# Dataset

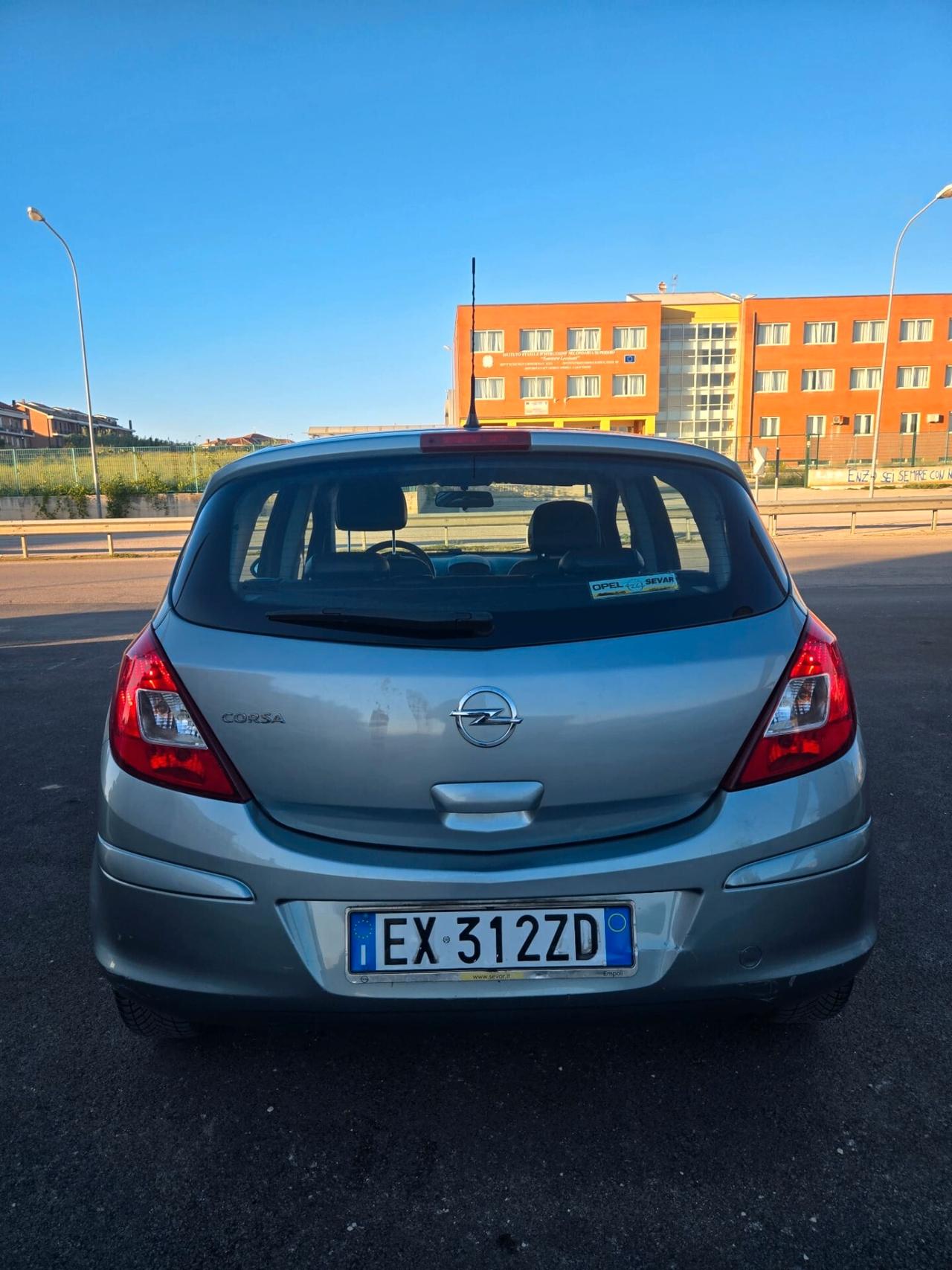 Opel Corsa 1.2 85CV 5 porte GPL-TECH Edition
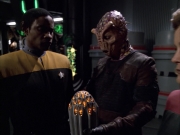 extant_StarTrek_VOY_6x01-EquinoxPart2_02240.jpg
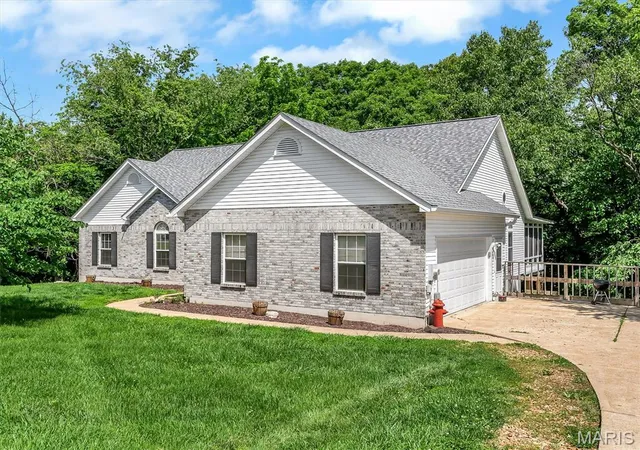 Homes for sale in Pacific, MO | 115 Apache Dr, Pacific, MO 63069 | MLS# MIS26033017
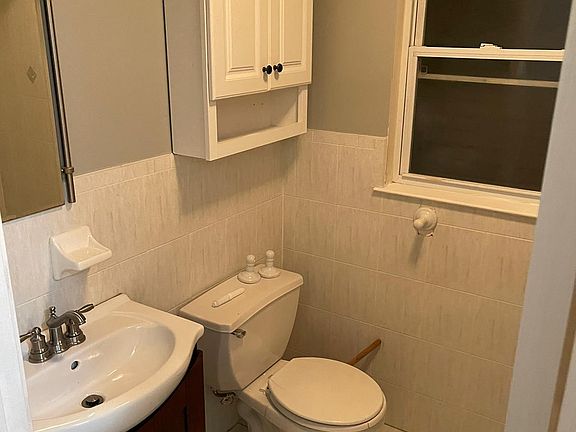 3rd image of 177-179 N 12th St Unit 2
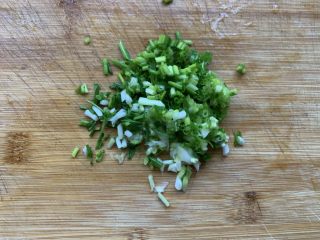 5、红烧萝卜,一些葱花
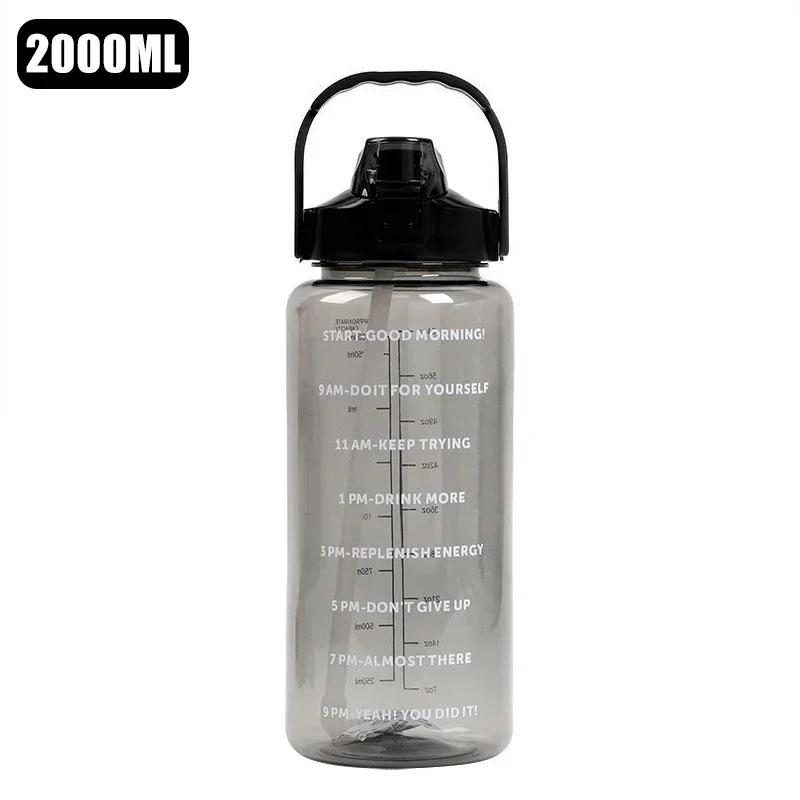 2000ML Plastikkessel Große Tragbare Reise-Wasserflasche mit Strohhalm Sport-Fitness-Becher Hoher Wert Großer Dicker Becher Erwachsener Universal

--

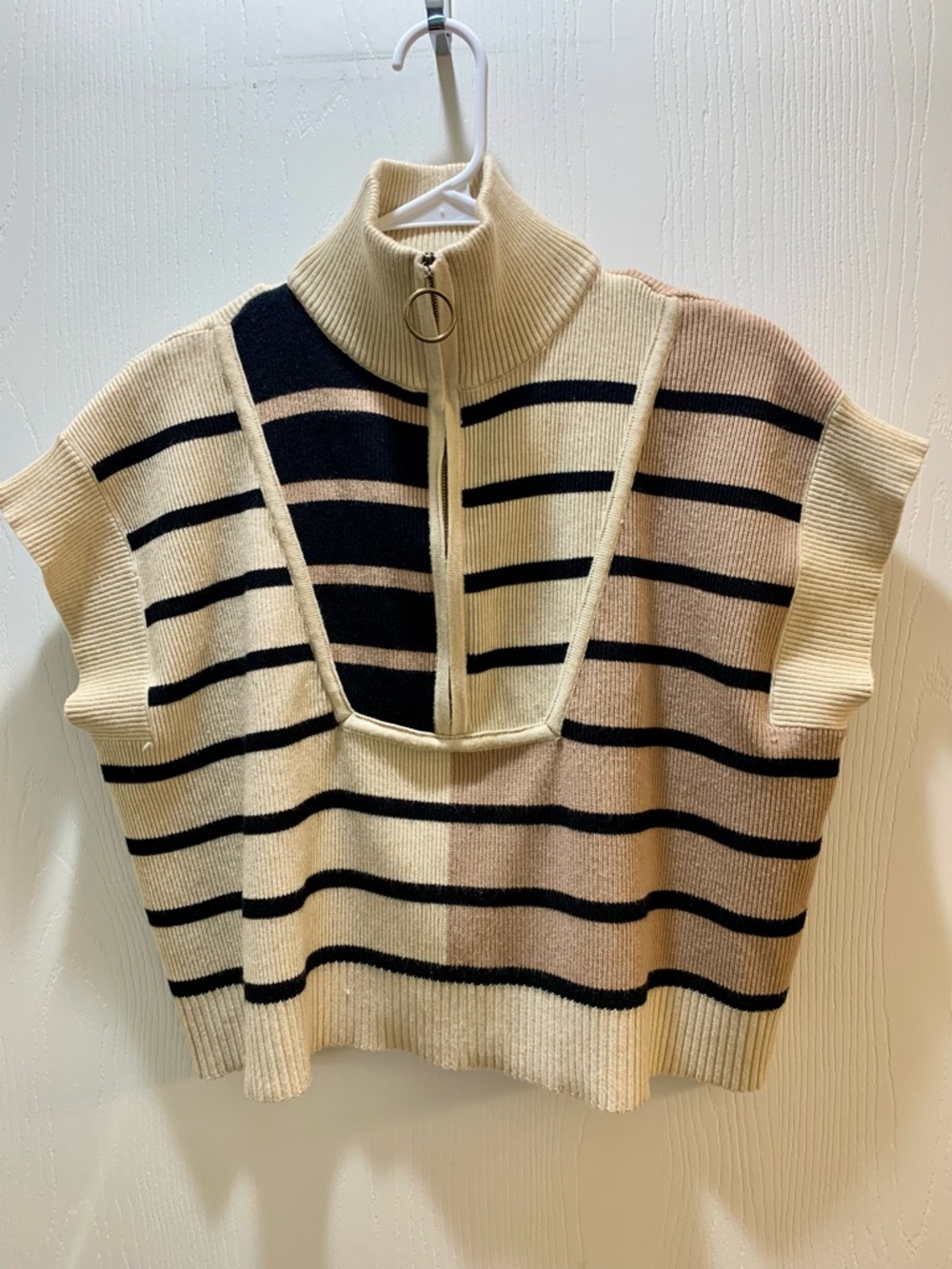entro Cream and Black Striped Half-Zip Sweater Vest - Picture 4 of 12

--

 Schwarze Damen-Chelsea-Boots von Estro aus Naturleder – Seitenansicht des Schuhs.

# Try it
An exact transcription is needed of the lines from the one with "3rd image of 177-179 N 12th St Unit 2" to the one with "2000ML Plastikkessel Große" above, both ends included, with pictures left out.

# Worked solution
 3rd image of 177-179 N 12th St Unit 2
 5、红烧萝卜,一些葱花
 2000ML Plastikkessel Große Tragbare Reise-Wasserflasche mit Strohhalm Sport-Fitness-Becher Hoher Wert Großer Dicker Becher Erwachsener Universal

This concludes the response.